So, my granddaughter is over for a visit the other day. It was a few days after my grandsons wedding, and she had been one of the bridesmaids. I guess we still call them that, I didn't ask how they identified themselves. New pictures were available. I have to say everyone looked fantastic. Now my granddaughter had a picture that she really liked and asked me why I hadn't put it up yet. I told her I'm running out of wall space. She then informs me if I took down some of the pictures of those "old" people I would have room. The "old" people she is talking about are my parents, grandparents, and other ancestors. A great number of them are, of course, people that she never knew. Strangers to her. I suggested taking down pictures of her when she was younger, but she didn't think that was a good idea.

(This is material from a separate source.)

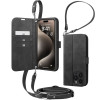 Spigen iPhone 15 Pro Wallet S Pro Θήκη Πορτοφόλι Stand από Δερματίνη - Black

I got to thinking about that after her visit. I am one that has lots of photographs spread throughout the house. I had a corner of the living room wall filled with pictures at one time. I took them down when painting and I haven't put them all back yet. Still, I do have an inordinate number of pictures of people, I wouldn't call them portraits, that seems too formal a term, on almost every wall, tabletop and shelve in my house. The kitchen is the only room lacking in that regard, although the refrigerator door has a number of them as well. I don't want to take any of them down or replace them with new. It is something I struggle with and debate all the time. When I get a new picture, I have to think about which one do I want to cover up? In a number of the frames there are four of five photographs one atop the other. They are there waiting to be revisited. I often forget that they are even there and rediscover them when putting a new picture in there. I have a picture that my sister discovered in that fashion. It is a picture of a bride, unidentified on the picture, that she found behind a picture of our dad. It's my belief that it is Grandmother Clara, but I have no way to confirm that as all those that would know are long gone. It's a picture of an "old" person.

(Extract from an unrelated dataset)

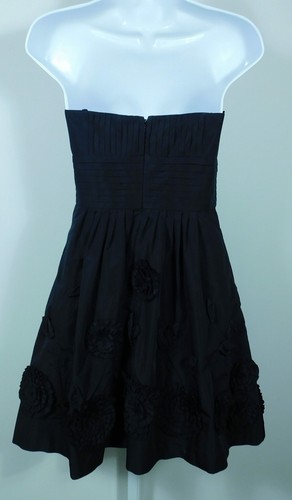 BCBG MAXAZRIA Black Taffeta Embroidered Strapless Dress Sz 6 - Picture 5 of 6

I have always done my best to tell the grandkids, and anyone else that will listen, who all the old people are. I've written stories about them, extolled others to write the names on the back of the photographs, explain who that person or persons are. I even tried to explain to my granddaughter that those old people will one day be her! When we are around, we say those are pictures of us when we were young. We may complain to our parents and grandparents about them, be embarrassed to have others see them. But after we are gone, they will all become just pictures of some old people. They may be stored away somewhere or simply discarded. Oh, I'm certain a few will be saved tucked away in a genealogy program or scrapbook perhaps. It's my thinking that scrapbooks will become something of the past although I am encouraged when I see all the postings about those creating scrapbooks as a hobby these days. Scrapping they call lt. Makes me a bit sad when I think about that though. Scraps are just pieces that have been left, usually discarded and insignificant. I don't want my life to become a scrap. But I guess it will be one day, whatever is left.
I do enjoy keeping my memories about me. I'm a bit old fashioned in that way. I'm not concerned with having the latest thing, the latest designs in home fashion and decor. The pictures on my walls tell a story. I remember this or that, back when. I'm fortunate that I have some items that where in my home when I was growing up, things that have been with me my whole life. Old stuff and old people. I'm reminded that I'm old people too. I can't say when this penchant for old photographs and old artifacts began. I'm thinking it may have begun when I turned forty. That was a year that hit me pretty hard. The mid-life crisis thing, I guess. I had retired from the Navy by then and working for the town of Ridgeley. I wasn't in a position of authority anymore, a change for certain. I also remember going for a haircut and the barber, which was a woman, asking me if I wanted my eyebrows trimmed. I knew I was getting old at that very moment. I'm thinking that may be where it all began.
And now I'm thinking it may be time to drag out some old photographs from my younger years. Photographs from the 1900's. Yes, the 1900's. Memories from a century past. I don't have many pictures like that around at all. Like when I was younger, I didn't want those pictures about, they are embarrassing. I'm thinking I'm over that and they would be a source of conversation and of laughter these days. It's good when you can laugh about the past, just remember the good times and laugh about the bad. The vast majority of photographs we have are of the good times, seldom are the bad photographed. The Victorians explored that by taking pictures of their deceased relatives! I was told that my Great Uncle Fred did just that, taking a photograph of his sister after her passing. I don't know whatever happened to that picture but I'm just as glad I don't have that. But if I start doing that, I will have to take down some of those "old" people my granddaughter mentioned. And that is how we get replaced over time. I'm certain not one of those old people would agree to that, to being replaced, we all want to be remembered. I just can't bring myself to do that yet. I'm not ready to replace the past.